Aim of the task -
An exact reproduction of all the data is needed, with no images in it.

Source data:
*** Begin section ***

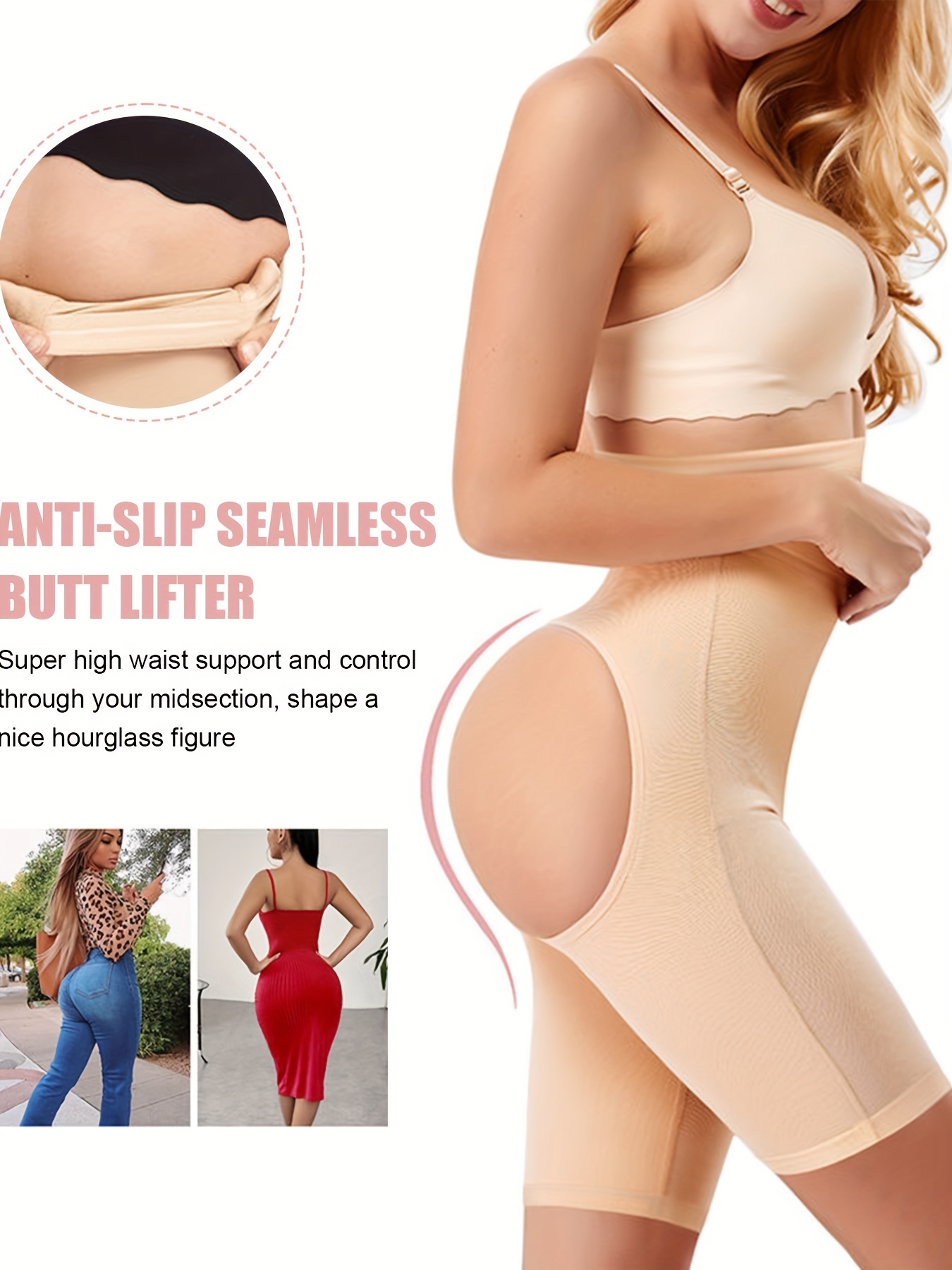 Women Butt Lifter Tummy Control Body Shaper Sexy Control Knickers Seamless  Breathable Shapewear Lace Tummy Control Pants,Beige-XXXXXL (Beige L) :  : Clothing, Shoes & Accessories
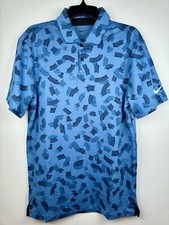 Nike Tour Dri-FIT Golf Polo Shirt Blue Navy Mens Size S New 80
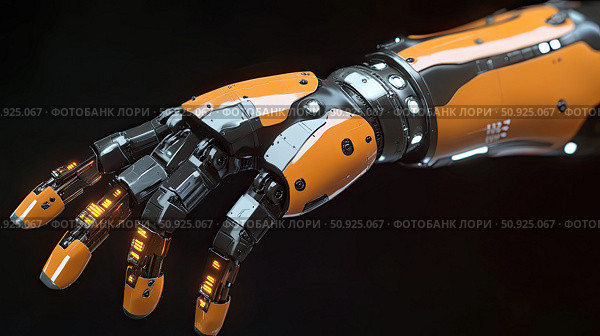 actuator vibrating robotic arm ai generated. Стоковое AI-изображение, AI-художник Vectorwin / Фотобанк Лори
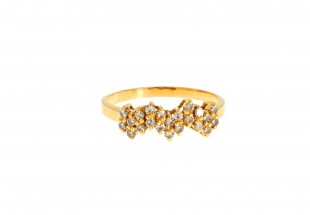 Chuveiro em Ouro de 19,2Klts 22 DIAMANTES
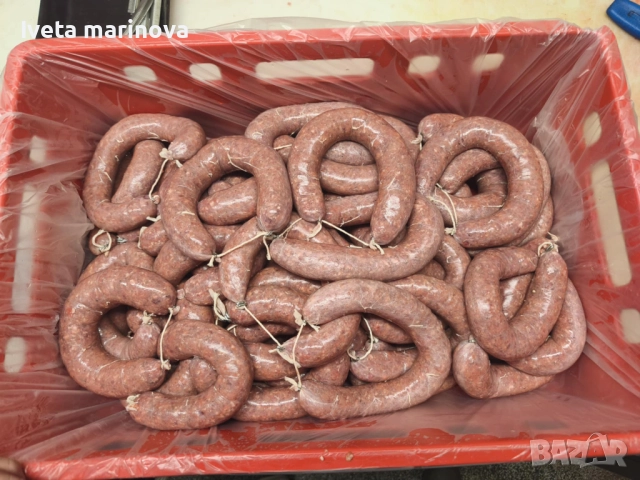 Домашен суджук смес 70%телешко 30% свинско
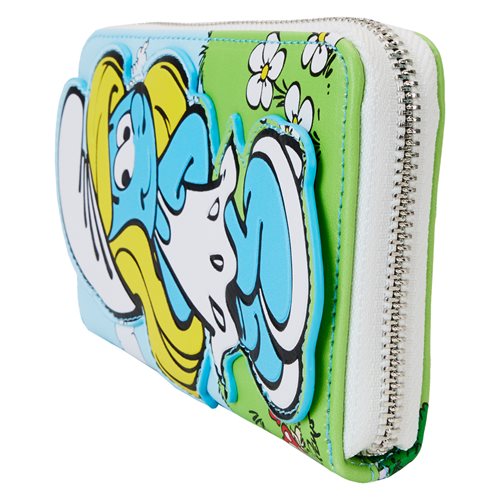 Smurfs Smurfette Cosplay Zip-Around Wallet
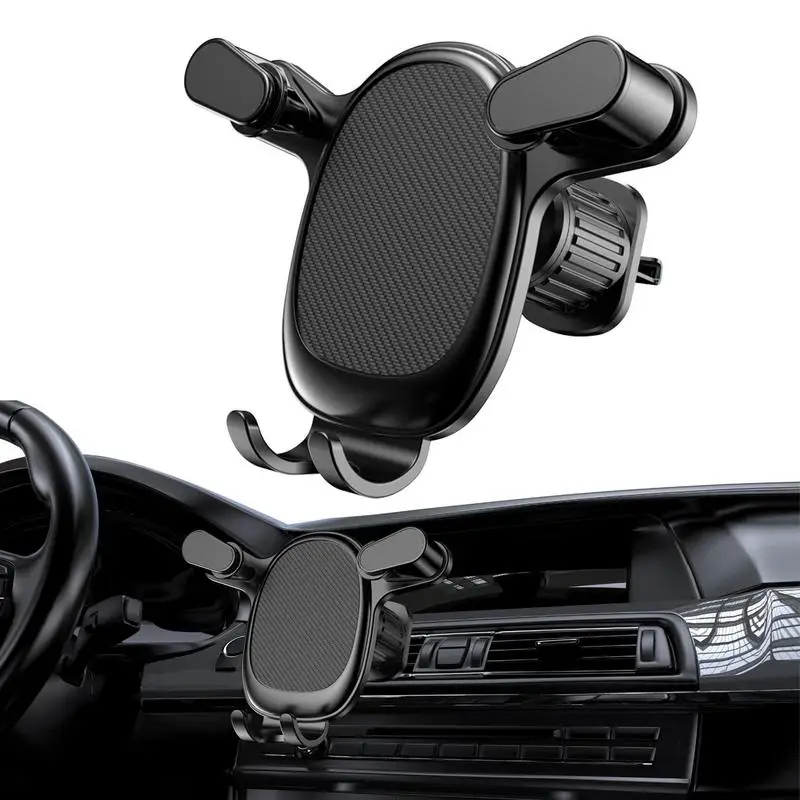 

Гравитационный Автомобильный держатель для телефона с креплением на вентиляционное отверстие, подставка для мобильного телефона, Универсальная автомобильная подставка для смартфона с GPS и поворотом на 360 градусов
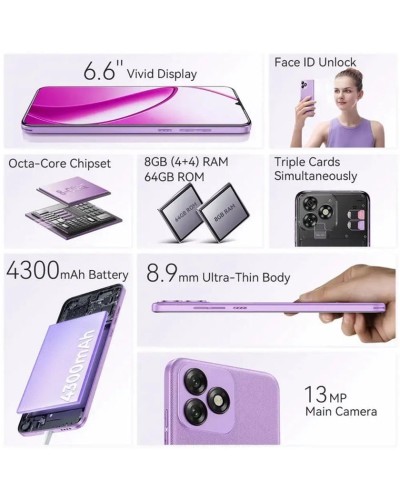 Smartfon Oukitel C53 4(+4)GB/64GB Purple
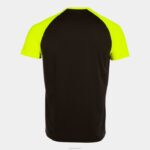 Joma 82P4R3203 أسود أصفر فلوري قميص قصير الأكمام النخبة x رجال - Image 2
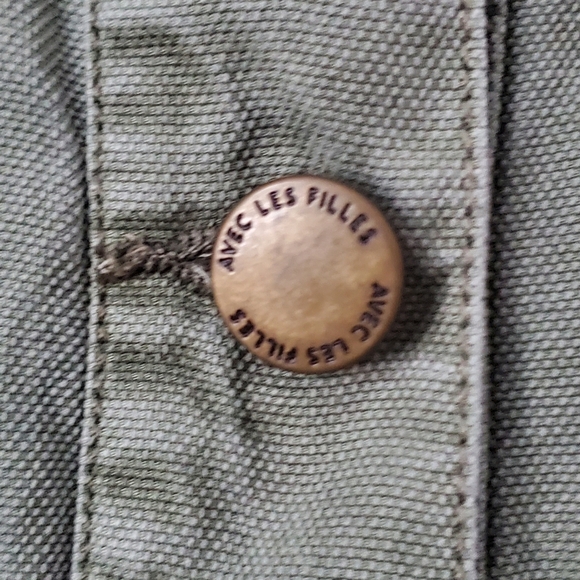 Khaki Green Apron/Jumper Dress by Avec Les Filles Revolve - Picture 4 of 6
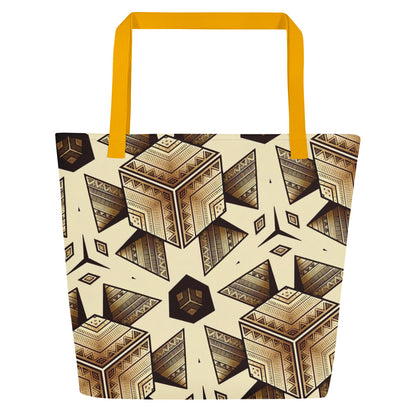 the PYRAMID 'Builder' Large Tote Bag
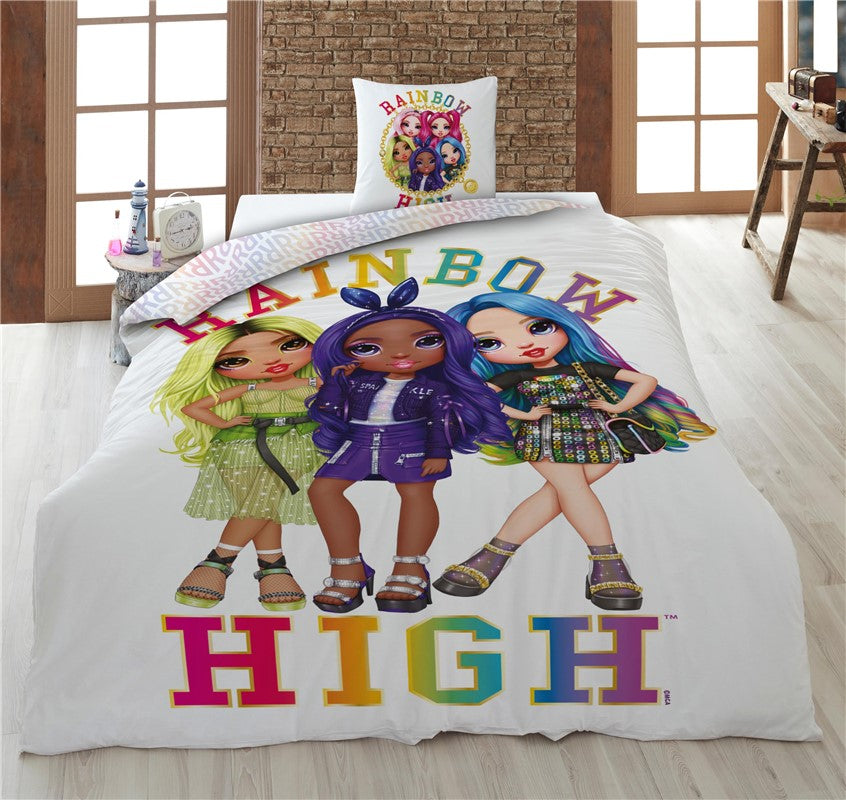 Rainbow Dekbedovertrek 140x200cm Duurzaam Polyester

*** End section ***

Output for this exercise -
 Women Butt Lifter Tummy Control Body Shaper Sexy Control Knickers Seamless  Breathable Shapewear Lace Tummy Control Pants,Beige-XXXXXL (Beige L) :  : Clothing, Shoes & Accessories
 Nike Tour Dri-FIT Golf Polo Shirt Blue Navy Mens Size S New 80
 actuator vibrating robotic arm ai generated. Стоковое AI-изображение, AI-художник Vectorwin / Фотобанк Лори
 Chuveiro em Ouro de 19,2Klts 22 DIAMANTES
 Домашен суджук смес 70%телешко 30% свинско
 Smurfs Smurfette Cosplay Zip-Around Wallet

Гравитационный Автомобильный держатель для телефона с креплением на вентиляционное отверстие, подставка для мобильного телефона, Универсальная автомобильная подставка для смартфона с GPS и поворотом на 360 градусов
 Smartfon Oukitel C53 4(+4)GB/64GB Purple
 Joma 82P4R3203 أسود أصفر فلوري قميص قصير الأكمام النخبة x رجال - Image 2
 Khaki Green Apron/Jumper Dress by Avec Les Filles Revolve - Picture 4 of 6
 the PYRAMID 'Builder' Large Tote Bag
 Rainbow Dekbedovertrek 140x200cm Duurzaam Polyester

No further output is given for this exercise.